What the task asks -
Excluding pictures, what does the listing below contain from the line with "Now, if you're" up to and including the line with "Here I have", word for word?

Data records -
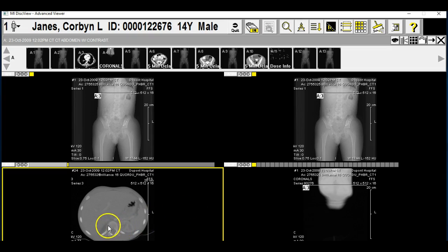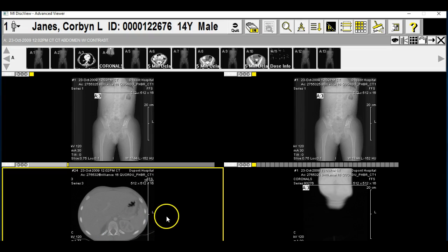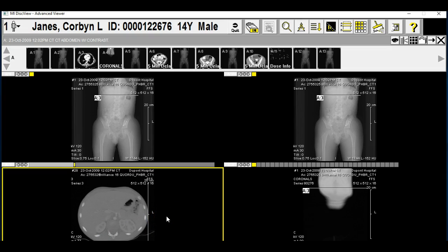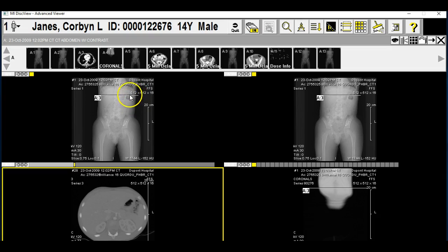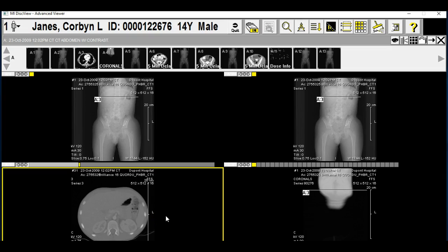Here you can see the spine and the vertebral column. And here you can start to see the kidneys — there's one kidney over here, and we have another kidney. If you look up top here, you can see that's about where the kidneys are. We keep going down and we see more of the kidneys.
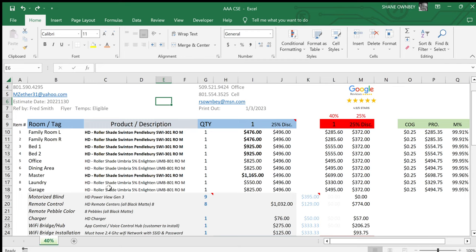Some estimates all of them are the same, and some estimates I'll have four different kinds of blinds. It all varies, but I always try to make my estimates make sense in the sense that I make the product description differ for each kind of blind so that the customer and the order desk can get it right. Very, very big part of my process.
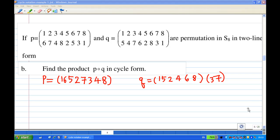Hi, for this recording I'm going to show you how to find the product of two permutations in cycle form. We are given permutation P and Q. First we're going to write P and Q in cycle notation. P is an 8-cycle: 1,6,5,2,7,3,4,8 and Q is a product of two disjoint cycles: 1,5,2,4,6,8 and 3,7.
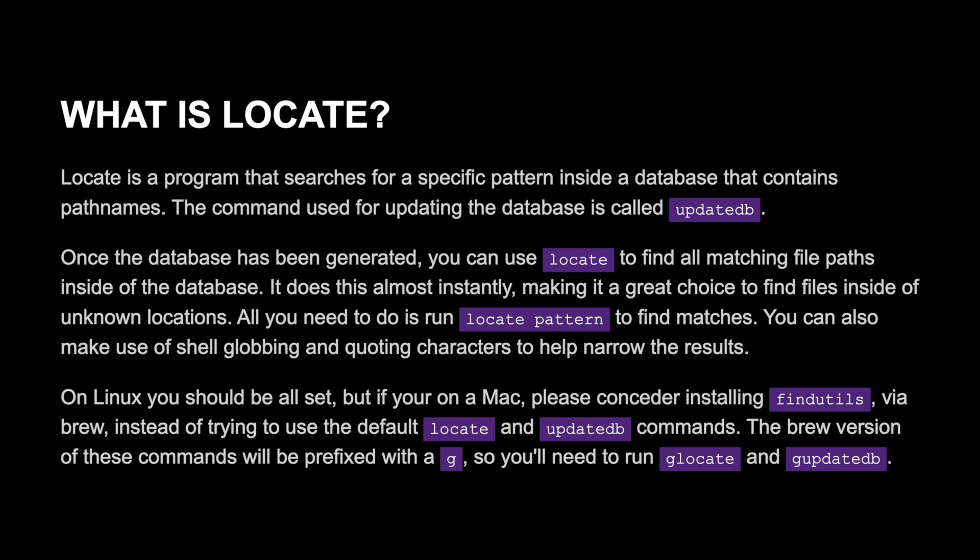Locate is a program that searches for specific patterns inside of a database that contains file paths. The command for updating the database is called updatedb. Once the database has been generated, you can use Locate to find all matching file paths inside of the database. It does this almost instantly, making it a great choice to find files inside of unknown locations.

--

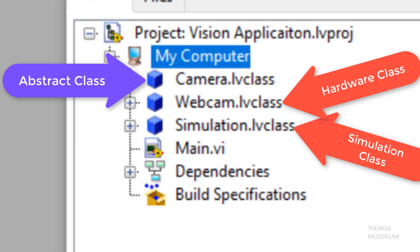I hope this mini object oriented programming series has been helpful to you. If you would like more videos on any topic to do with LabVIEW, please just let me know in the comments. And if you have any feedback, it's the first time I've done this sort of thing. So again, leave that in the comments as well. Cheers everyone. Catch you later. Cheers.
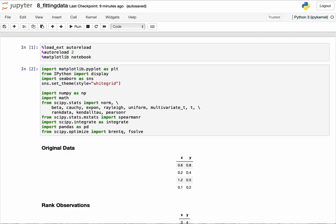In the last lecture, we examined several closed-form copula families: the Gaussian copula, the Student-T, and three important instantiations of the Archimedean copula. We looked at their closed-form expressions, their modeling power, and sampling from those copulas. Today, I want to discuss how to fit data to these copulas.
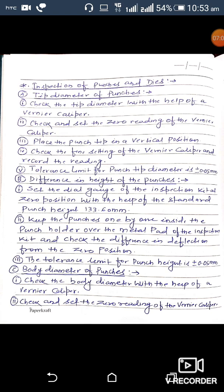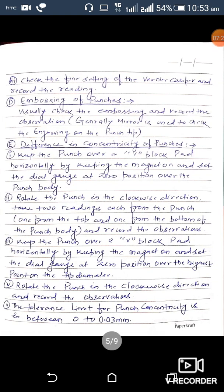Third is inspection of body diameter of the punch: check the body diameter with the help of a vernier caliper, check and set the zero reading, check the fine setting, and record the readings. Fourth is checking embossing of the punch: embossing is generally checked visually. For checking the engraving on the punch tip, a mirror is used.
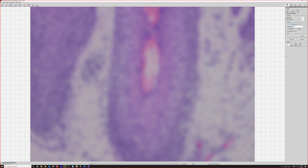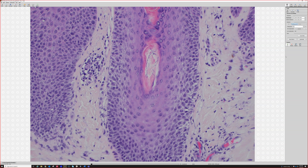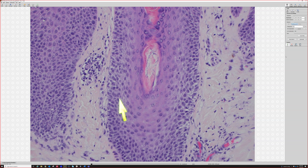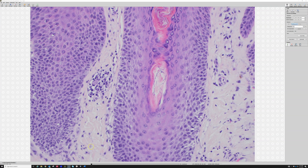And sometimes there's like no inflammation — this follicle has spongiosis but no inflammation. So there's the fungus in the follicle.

* * *

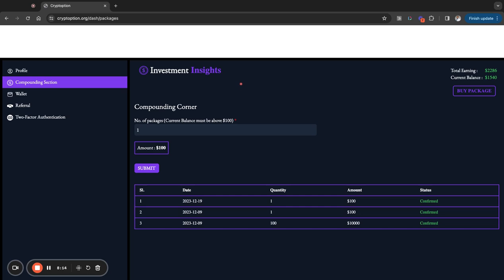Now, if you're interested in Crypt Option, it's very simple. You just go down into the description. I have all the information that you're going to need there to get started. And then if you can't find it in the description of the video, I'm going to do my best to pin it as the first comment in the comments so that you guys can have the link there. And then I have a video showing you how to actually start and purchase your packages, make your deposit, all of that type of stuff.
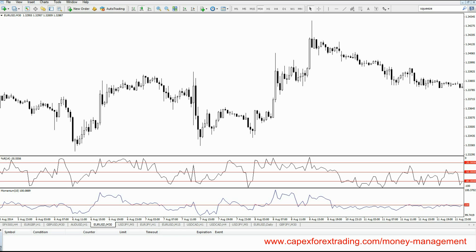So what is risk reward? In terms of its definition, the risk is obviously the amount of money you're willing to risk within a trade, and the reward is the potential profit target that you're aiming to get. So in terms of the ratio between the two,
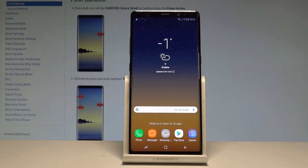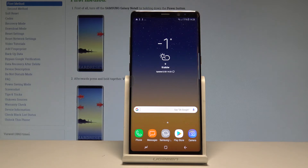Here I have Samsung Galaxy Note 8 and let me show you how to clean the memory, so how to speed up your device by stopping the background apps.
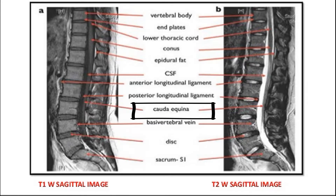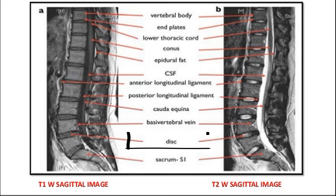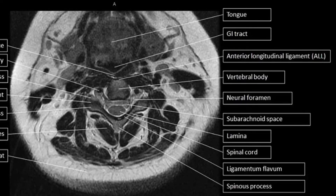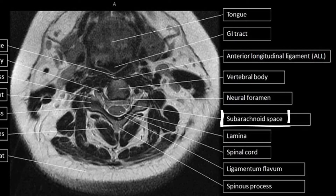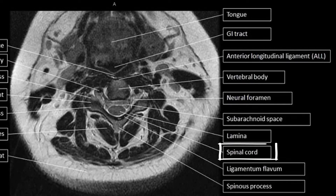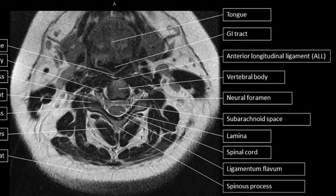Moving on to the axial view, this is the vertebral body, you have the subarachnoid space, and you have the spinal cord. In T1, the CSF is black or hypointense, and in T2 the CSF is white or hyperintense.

Exercise result -
Now, if you're interested in Crypt Option, it's very simple. You just go down into the description. I have all the information that you're going to need there to get started. And then if you can't find it in the description of the video, I'm going to do my best to pin it as the first comment in the comments so that you guys can have the link there. And then I have a video showing you how to actually start and purchase your packages, make your deposit, all of that type of stuff.
So what is risk reward? In terms of its definition, the risk is obviously the amount of money you're willing to risk within a trade, and the reward is the potential profit target that you're aiming to get. So in terms of the ratio between the two,
Here I have Samsung Galaxy Note 8 and let me show you how to clean the memory, so how to speed up your device by stopping the background apps.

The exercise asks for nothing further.